Uber has had its share of controversy over the last year. In a blog post titled, “Reflecting on One Very, Very Strange Year at Uber, former employee Susan Fowler blogged about widespread sexual harassment, and about how her complaints to HR were ignored. A video surfaced of Uber CEO Travis Kalanick yelling at an Uber driver. Kalanick has since taken steps to build leadership in the company and hired a search firm to find a chief operating officer. Uber brought in two outside senior executives, both women, to work specifically on leadership and strategy within the company. In addition, Kalanick asked for the resignation of the head of software engineering, Amit Singhal, after a sexual harassment claim at his previous employer came to light. Singhal denied the claims.
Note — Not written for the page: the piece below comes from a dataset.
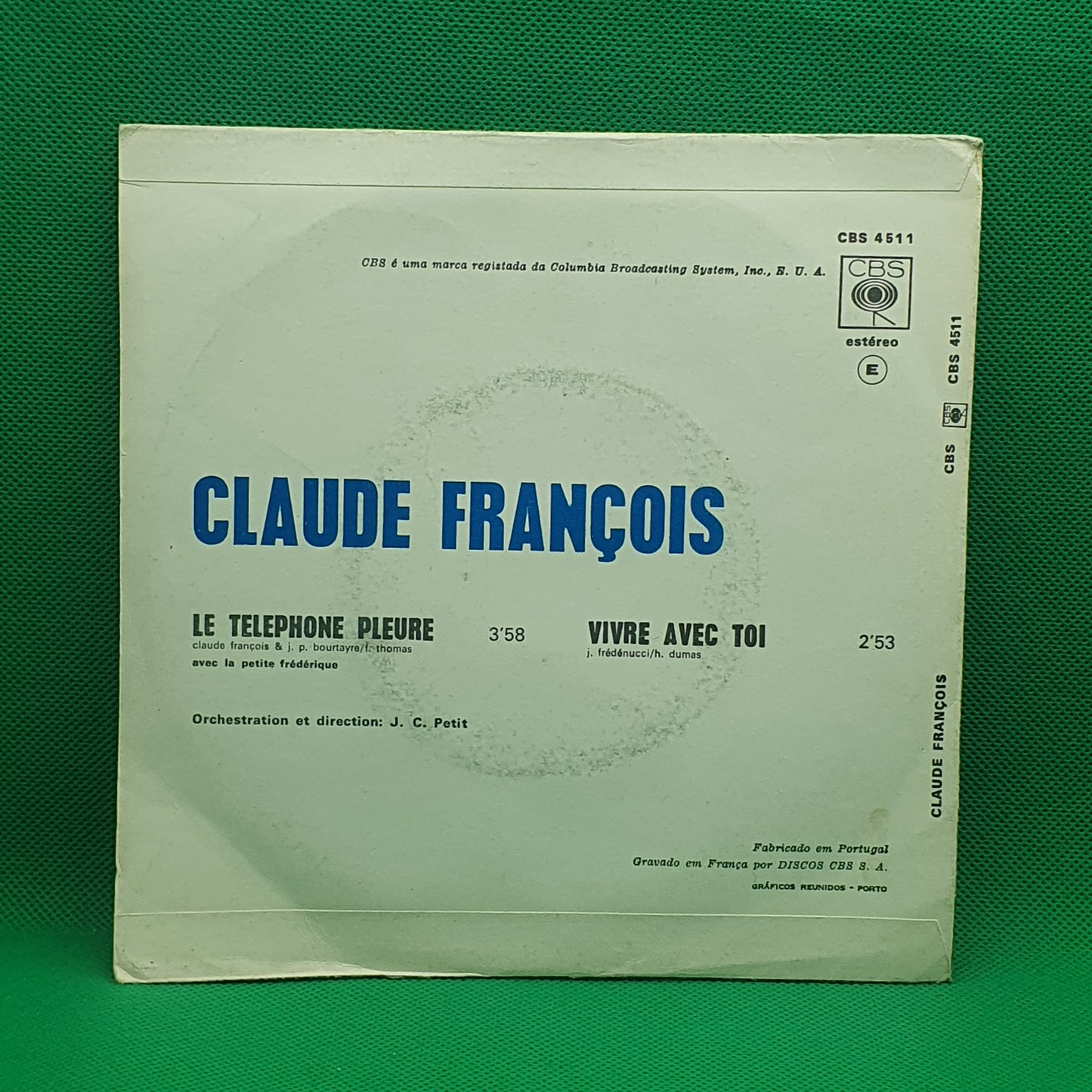 Claude François ‎– Le Téléphone Pleure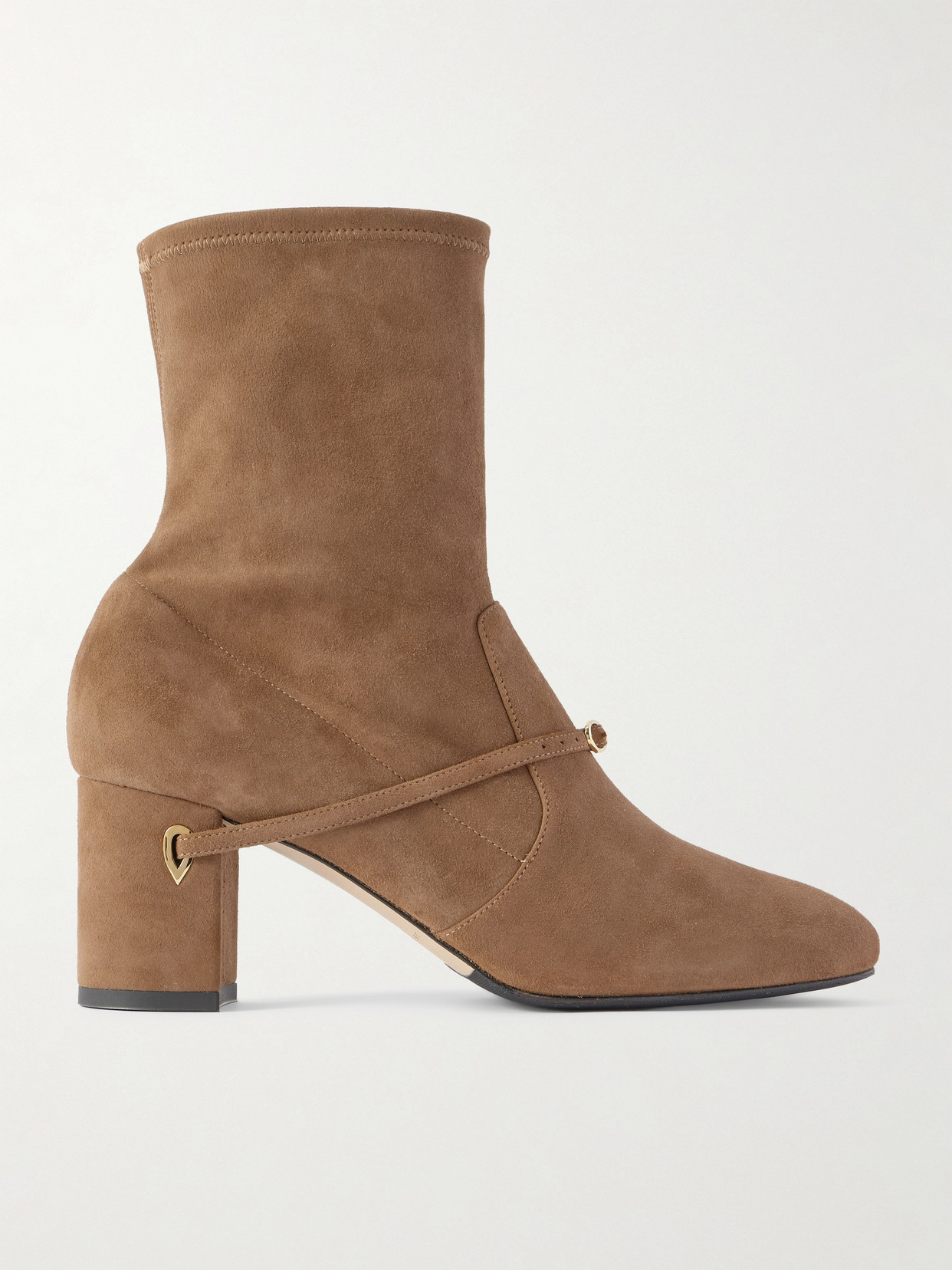 Jennifer Chamandi Dani 65 Suede Ankle Boots In Brown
This controversy is part of the larger issue of Silicon Valley’s “male dominated culture” Twitter, Google, and other Silicon Valley giants have been accused of poor treatment of women in the workplace. There have been multiple allegations, including those of Ms. Fowler, of male managers propositioning their female co-workers without repercussion. In a very public lawsuit, Ellen Pao sued Kleiner Perkins (a venture capital firm) for gender-discrimination. Ms. Pao lost in court, but the lawsuit prompted a lot of discussion about gender diversity in Silicon Valley. Investigation continues, but Uber certainly has a long road ahead.